Majority owner Key Plastics Holdings also extended until March 25 its deadline for shareholders to contribute an additional $5 million, if the company cannot borrow other funds.
Novi-based Key listed $428 million in debt at the end of September. Market analysts with Standard & Poor's Corp. of New York lowered Key's credit rating Feb. 1 to a CCC-plus from B, a two-step decrease, listing the company as having "an identifiable risk of default."
Joe Buzzitta, vice president of marketing, referred comments to Chief Executive Officer David C. Benoit, who did not respond.
Key listed $550.8 million in sales for 1999, up from $422.6 a year earlier.
The business manufactures interior, exterior and under-the-hood parts such as door handles, bezels and audio components.
Last year Key bought Foggini Group of Turin, Italy, an injection molder serving automakers throughout Europe. The deal added 175 injection presses and about 1,000 employees to the operation.
SPI plans to gather, report mold statistics
WASHINGTON — Mold makers are moving ahead to gather statistics under a program organized by the Society of the Plastics Industry Inc.
"It has moved past the exploratory stage to a formational level, at this point," said Walt Bishop, executive director of SPI's Machinery, Molders and Moldmakers Division.
Plans call for reporting data on injection and blow molds. For injection molds, a statistics committee is studying the idea of including numbers for molds running thermoplastics and thermoset resins. Mold production would be based on both unit and sales volumes.
The information also may be broken down by U.S. shipments of molds and mold components, and imports and exports, Bishop said.

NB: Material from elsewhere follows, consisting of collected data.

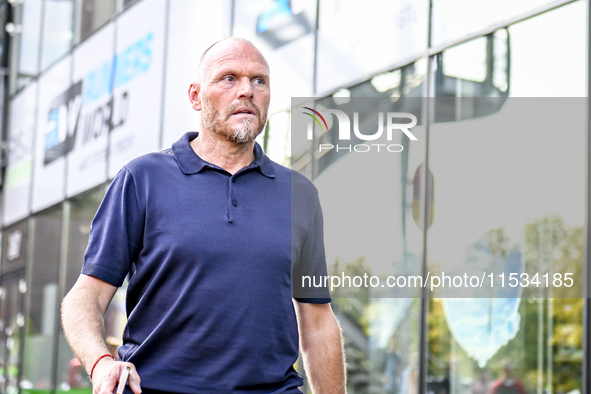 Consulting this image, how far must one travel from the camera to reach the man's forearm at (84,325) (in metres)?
2.01

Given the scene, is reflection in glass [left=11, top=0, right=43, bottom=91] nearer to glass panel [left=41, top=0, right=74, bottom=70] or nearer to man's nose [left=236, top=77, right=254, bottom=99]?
glass panel [left=41, top=0, right=74, bottom=70]

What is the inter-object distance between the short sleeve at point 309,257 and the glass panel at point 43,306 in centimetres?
1009

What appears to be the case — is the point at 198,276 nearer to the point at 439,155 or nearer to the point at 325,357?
the point at 325,357

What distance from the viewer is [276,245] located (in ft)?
7.02

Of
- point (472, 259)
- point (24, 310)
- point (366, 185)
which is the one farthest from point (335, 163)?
point (24, 310)

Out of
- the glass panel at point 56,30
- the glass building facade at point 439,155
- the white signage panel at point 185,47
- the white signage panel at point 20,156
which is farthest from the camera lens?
the white signage panel at point 20,156

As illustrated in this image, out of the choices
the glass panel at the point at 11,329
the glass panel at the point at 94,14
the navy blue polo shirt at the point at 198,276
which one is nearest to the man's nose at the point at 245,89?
the navy blue polo shirt at the point at 198,276

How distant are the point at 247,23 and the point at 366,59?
1875mm

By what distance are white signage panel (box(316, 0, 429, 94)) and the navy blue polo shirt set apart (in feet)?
12.5

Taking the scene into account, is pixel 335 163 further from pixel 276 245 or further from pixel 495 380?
pixel 276 245

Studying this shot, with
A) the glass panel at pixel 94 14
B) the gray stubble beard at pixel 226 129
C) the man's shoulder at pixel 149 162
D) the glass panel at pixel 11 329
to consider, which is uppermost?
the glass panel at pixel 94 14

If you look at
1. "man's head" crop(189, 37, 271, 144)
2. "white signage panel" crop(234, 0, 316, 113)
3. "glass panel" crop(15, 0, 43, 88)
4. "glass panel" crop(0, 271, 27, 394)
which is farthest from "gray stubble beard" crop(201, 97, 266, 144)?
"glass panel" crop(15, 0, 43, 88)

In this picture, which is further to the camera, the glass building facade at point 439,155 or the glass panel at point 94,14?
the glass panel at point 94,14

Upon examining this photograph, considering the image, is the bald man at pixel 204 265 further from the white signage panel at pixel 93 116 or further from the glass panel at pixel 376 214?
the white signage panel at pixel 93 116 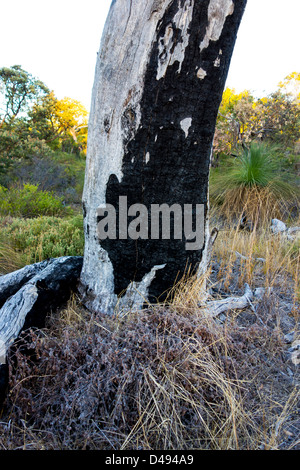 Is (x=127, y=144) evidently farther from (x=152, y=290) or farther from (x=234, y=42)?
(x=152, y=290)

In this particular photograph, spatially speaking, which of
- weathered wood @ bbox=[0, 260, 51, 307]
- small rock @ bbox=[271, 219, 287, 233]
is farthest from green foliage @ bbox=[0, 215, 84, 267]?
small rock @ bbox=[271, 219, 287, 233]

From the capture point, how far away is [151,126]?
1943mm

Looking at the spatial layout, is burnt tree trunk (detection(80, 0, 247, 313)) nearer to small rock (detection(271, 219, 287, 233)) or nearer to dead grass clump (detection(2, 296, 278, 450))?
dead grass clump (detection(2, 296, 278, 450))

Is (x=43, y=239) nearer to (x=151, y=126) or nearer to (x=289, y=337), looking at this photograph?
(x=151, y=126)

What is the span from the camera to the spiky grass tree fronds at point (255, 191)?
6195mm

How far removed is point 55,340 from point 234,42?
234cm

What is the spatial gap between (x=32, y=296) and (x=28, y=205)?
444cm

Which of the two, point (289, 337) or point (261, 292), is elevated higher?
point (261, 292)

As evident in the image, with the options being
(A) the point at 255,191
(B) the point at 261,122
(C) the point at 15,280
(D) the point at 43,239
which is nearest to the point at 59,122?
(B) the point at 261,122

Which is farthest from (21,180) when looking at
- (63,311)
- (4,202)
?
(63,311)

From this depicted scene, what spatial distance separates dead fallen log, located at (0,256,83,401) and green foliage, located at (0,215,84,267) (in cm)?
79

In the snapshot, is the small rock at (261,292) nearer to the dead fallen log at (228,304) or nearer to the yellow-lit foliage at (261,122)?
the dead fallen log at (228,304)

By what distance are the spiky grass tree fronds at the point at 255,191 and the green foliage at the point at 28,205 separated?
363 cm

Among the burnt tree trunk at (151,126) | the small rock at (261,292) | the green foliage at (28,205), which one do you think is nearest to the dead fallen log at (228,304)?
the small rock at (261,292) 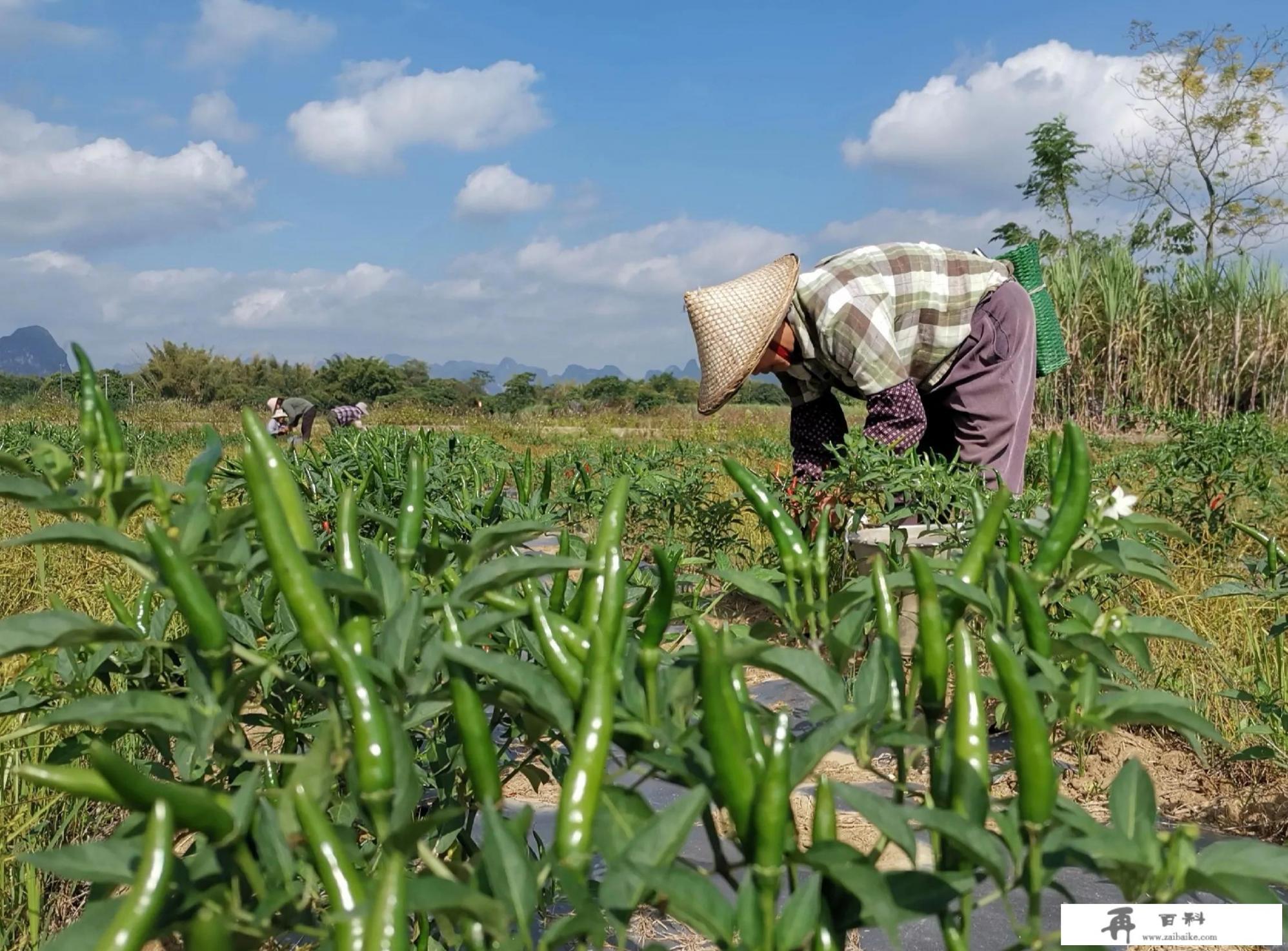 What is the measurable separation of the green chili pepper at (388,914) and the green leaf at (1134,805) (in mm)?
407

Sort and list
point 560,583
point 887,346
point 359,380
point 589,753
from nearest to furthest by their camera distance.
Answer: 1. point 589,753
2. point 560,583
3. point 887,346
4. point 359,380

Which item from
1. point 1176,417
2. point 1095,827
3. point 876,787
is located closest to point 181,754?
point 1095,827

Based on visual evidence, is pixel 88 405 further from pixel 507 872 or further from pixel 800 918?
pixel 800 918

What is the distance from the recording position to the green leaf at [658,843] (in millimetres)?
562

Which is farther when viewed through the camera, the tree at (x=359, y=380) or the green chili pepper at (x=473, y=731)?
the tree at (x=359, y=380)

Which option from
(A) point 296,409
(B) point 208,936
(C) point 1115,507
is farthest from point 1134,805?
(A) point 296,409

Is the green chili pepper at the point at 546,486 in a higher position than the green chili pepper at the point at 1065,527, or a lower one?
lower

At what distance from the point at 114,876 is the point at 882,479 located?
2.38m

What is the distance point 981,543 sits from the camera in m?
0.78

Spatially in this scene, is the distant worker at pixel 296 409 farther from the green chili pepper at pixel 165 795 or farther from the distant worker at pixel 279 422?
the green chili pepper at pixel 165 795

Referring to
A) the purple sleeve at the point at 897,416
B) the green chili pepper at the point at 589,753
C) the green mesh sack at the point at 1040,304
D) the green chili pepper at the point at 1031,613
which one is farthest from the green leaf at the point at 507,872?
the green mesh sack at the point at 1040,304

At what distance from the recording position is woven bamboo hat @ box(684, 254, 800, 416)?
10.2 ft

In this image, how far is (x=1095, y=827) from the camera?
609mm

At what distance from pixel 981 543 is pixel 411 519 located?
0.45 meters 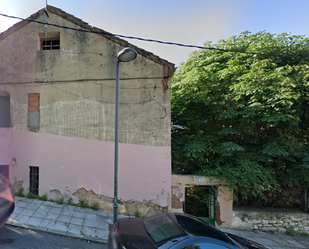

The group also has discussed listing molds by end-use markets and according to the clamping forces of machines on which they would run.
SPI hopes to develop a format for the statistics in late summer. The formal mold program would start Jan. 1.
This is a busy time for mold makers and the Washington-based SPI. A separate committee is drafting the first-ever safety standard for molds, under the American National Standards Institute.
Commenting on the stepped-up activity, Bishop said: "One of the things that we've identified as a priority for SPI is to go out on a grass-roots level and get to the masses."
German tool shops team up with Ala. firm
COTTONDALE, ALA. — Two toolmakers from Stuttgart, Germany, are teaming up with an Alabama machinery company to make injection molds in the United States.
The German tooling shops — Stuttgart-based Eberspacher Formenbau GmbH and Hummel-Formen GmbH — will start operations in Cottondale, at a 24,000-square-foot plant owned by Smith's Machine, a division of HWS Enterprises Inc. The Cottondale-based equipment and production-machining supplier is a joint venture partner with the toolmakers.
The joint venture, Alabama Precision Mold LLC, will launch in June, making tools for the automotive industry. The company will start with 44 people and hire 30 more within two years, said Timothy Smith, vice president of sales and engineering with Smith's Machine.
Within 24 months, the mold maker also plans to invest about $3 million in an on-site expansion that will add another 20,000 square feet, Smith said.
Both Eberspacher Formenbau and Hummel-Formen recorded sales of about $24 million deutsche marks (US$13.6 million) last year, said Frank Doettling, chief executive officer of Eberspacher Formenbau. His company also owns a tooling plant and an injection molding facility in Venice, Italy.